The problem:
However many lines the data holds, transcribe them all exactly.

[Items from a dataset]
§ §

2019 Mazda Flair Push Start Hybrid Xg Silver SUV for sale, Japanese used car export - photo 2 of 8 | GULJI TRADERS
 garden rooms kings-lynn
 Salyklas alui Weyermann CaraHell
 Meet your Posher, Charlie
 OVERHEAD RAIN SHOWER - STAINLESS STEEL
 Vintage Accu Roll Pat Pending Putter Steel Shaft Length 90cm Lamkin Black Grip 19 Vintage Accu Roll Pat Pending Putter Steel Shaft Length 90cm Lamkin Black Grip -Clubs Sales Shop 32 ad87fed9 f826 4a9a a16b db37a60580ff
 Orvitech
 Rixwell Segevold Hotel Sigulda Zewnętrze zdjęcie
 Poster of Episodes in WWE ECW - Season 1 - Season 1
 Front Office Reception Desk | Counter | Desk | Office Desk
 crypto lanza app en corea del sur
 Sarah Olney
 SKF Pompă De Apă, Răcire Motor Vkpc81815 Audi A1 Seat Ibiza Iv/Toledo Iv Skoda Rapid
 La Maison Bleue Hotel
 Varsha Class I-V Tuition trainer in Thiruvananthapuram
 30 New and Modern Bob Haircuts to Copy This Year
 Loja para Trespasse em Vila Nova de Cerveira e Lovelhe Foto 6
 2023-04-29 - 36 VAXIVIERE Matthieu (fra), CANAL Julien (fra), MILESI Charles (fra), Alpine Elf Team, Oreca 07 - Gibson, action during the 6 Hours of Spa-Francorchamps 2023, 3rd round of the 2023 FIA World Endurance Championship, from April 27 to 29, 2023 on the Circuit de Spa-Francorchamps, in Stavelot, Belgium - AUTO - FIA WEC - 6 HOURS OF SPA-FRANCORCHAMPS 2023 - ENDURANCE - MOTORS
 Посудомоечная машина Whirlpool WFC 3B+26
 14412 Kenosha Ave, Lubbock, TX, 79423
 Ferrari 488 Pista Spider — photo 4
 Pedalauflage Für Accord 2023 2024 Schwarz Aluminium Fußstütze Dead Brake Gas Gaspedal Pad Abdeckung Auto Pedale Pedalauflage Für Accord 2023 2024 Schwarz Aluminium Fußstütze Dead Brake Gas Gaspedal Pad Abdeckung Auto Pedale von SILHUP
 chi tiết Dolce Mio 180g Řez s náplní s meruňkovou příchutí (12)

§ §

Result of this task:
2019 Mazda Flair Push Start Hybrid Xg Silver SUV for sale, Japanese used car export - photo 2 of 8 | GULJI TRADERS
 garden rooms kings-lynn
 Salyklas alui Weyermann CaraHell
 Meet your Posher, Charlie
 OVERHEAD RAIN SHOWER - STAINLESS STEEL
 Vintage Accu Roll Pat Pending Putter Steel Shaft Length 90cm Lamkin Black Grip 19 Vintage Accu Roll Pat Pending Putter Steel Shaft Length 90cm Lamkin Black Grip -Clubs Sales Shop 32 ad87fed9 f826 4a9a a16b db37a60580ff
 Orvitech
 Rixwell Segevold Hotel Sigulda Zewnętrze zdjęcie
 Poster of Episodes in WWE ECW - Season 1 - Season 1
 Front Office Reception Desk | Counter | Desk | Office Desk
 crypto lanza app en corea del sur
 Sarah Olney
 SKF Pompă De Apă, Răcire Motor Vkpc81815 Audi A1 Seat Ibiza Iv/Toledo Iv Skoda Rapid
 La Maison Bleue Hotel
 Varsha Class I-V Tuition trainer in Thiruvananthapuram
 30 New and Modern Bob Haircuts to Copy This Year
 Loja para Trespasse em Vila Nova de Cerveira e Lovelhe Foto 6
 2023-04-29 - 36 VAXIVIERE Matthieu (fra), CANAL Julien (fra), MILESI Charles (fra), Alpine Elf Team, Oreca 07 - Gibson, action during the 6 Hours of Spa-Francorchamps 2023, 3rd round of the 2023 FIA World Endurance Championship, from April 27 to 29, 2023 on the Circuit de Spa-Francorchamps, in Stavelot, Belgium - AUTO - FIA WEC - 6 HOURS OF SPA-FRANCORCHAMPS 2023 - ENDURANCE - MOTORS
 Посудомоечная машина Whirlpool WFC 3B+26
 14412 Kenosha Ave, Lubbock, TX, 79423
 Ferrari 488 Pista Spider — photo 4
 Pedalauflage Für Accord 2023 2024 Schwarz Aluminium Fußstütze Dead Brake Gas Gaspedal Pad Abdeckung Auto Pedale Pedalauflage Für Accord 2023 2024 Schwarz Aluminium Fußstütze Dead Brake Gas Gaspedal Pad Abdeckung Auto Pedale von SILHUP
 chi tiết Dolce Mio 180g Řez s náplní s meruňkovou příchutí (12)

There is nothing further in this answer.